Data extracted from a collection
==========

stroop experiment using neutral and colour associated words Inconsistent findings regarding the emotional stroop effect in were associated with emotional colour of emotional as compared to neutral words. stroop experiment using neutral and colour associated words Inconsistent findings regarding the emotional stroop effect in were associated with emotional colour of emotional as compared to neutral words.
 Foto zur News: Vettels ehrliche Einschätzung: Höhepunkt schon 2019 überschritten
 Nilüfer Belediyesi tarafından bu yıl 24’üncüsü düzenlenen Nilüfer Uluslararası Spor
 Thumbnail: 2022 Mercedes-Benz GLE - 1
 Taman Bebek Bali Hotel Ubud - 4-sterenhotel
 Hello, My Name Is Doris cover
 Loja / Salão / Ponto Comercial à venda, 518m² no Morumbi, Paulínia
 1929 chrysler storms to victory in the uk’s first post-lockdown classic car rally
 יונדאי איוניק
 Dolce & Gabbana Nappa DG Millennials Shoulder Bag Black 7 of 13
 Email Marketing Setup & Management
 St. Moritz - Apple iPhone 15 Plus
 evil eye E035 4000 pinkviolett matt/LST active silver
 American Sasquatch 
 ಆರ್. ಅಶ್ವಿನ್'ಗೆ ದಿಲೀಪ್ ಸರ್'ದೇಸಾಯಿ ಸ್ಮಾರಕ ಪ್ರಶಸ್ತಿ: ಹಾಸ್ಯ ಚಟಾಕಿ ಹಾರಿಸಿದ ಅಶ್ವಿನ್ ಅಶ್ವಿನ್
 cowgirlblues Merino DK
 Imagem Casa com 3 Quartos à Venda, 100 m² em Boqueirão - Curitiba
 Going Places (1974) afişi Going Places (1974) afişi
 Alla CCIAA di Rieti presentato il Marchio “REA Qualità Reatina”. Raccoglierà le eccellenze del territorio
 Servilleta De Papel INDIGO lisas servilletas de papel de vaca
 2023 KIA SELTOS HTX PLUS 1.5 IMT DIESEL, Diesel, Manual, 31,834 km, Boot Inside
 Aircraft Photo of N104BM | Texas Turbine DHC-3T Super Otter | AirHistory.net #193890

==========

_Your objective:_ What should appear is an exact copy of the lines from the one with "Alla CCIAA di" through the end of the entries above, ends included, and no other text.

_Solution to this problem:_
 Alla CCIAA di Rieti presentato il Marchio “REA Qualità Reatina”. Raccoglierà le eccellenze del territorio
 Servilleta De Papel INDIGO lisas servilletas de papel de vaca
 2023 KIA SELTOS HTX PLUS 1.5 IMT DIESEL, Diesel, Manual, 31,834 km, Boot Inside
 Aircraft Photo of N104BM | Texas Turbine DHC-3T Super Otter | AirHistory.net #193890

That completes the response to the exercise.